Pirates' big risk with pitch-heavy draft focus might soon pay off
BRADENTON, Fla. — On the backfield bullpens of Pirate City, the franchise's future seems more promising than at any time since perhaps the late 1980s.
In Pirates camp this spring is a procession of young, athletic, 6-foot-5-plus pitchers with smooth, repeatable deliveries. Jameson Taillon, Tyler Glasnow and Nick Kingham produce elite, effortless velocity and have developed into consensus top-100 prospects.

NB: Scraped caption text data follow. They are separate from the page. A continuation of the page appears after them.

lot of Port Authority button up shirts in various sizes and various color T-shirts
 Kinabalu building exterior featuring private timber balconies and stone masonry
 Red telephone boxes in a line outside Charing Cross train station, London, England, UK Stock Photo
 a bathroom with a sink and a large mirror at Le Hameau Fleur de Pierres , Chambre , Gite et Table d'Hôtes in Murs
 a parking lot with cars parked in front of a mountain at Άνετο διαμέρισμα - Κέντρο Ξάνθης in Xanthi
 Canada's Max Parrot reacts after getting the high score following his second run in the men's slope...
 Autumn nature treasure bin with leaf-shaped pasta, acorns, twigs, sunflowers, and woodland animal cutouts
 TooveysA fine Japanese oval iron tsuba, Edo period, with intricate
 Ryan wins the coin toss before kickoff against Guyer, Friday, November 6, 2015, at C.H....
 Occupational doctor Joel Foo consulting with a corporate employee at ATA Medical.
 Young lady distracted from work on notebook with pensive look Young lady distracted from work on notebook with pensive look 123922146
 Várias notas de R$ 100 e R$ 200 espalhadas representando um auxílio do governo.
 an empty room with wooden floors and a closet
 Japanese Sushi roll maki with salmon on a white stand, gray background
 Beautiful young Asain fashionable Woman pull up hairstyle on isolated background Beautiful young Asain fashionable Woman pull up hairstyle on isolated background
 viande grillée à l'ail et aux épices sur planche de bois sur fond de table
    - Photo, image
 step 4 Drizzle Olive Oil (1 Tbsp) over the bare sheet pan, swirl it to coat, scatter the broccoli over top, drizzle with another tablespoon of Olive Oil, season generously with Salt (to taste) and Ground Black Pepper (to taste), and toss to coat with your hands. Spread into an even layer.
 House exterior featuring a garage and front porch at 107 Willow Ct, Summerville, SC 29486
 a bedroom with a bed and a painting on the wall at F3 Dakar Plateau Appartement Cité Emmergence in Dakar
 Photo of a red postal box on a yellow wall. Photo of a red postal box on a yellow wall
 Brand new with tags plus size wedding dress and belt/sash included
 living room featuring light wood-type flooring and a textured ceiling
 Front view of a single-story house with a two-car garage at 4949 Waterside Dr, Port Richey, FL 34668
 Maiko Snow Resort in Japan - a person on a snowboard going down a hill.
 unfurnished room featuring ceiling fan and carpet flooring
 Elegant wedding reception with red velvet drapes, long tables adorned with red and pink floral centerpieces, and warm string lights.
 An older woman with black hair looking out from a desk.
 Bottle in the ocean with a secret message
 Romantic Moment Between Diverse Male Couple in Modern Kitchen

For small-market clubs to sustain success, the recent pathway has been through homegrown pitching. The Oakland A's drafted and developed Tim Hudson, Mark Mulder and Barry Zito. The Tampa Bay Rays have produced James Shields, David Price and Matt Moore. But there is a paradox, a Catch-22 — rather a Pitch-22 — for small-market clubs.
Top-of-the-rotation pitchers now earn more than $20 million per year on the open market, pricing many clubs out of free agency. But heavily focusing on drafting and developing pitchers includes incredible risk. Three of four top-100 pitching prospects will fail to reach the major leagues or produce more than 1.5 wins above replacement per season during their careers.
Nineteen springs ago in Port St. Lucie, Fla., New York Mets pitchers Bill Pulsipher, Paul Wilson and Jason Isringhausen were ranked as top-40 overall prospects by Baseball America. They were hailed as “Generation K.” They combined to pitch 83 innings for the Mets from 1997-99.
There is risk and reward in drafting and developing pitchers, and no club has devoted more signing dollars or premium draft picks to amateur pitchers, particularly prep pitchers, than the Pirates since 2008, general manager Neal Huntington's first year. It is an aggressive approach that could determine the club's future success or failure.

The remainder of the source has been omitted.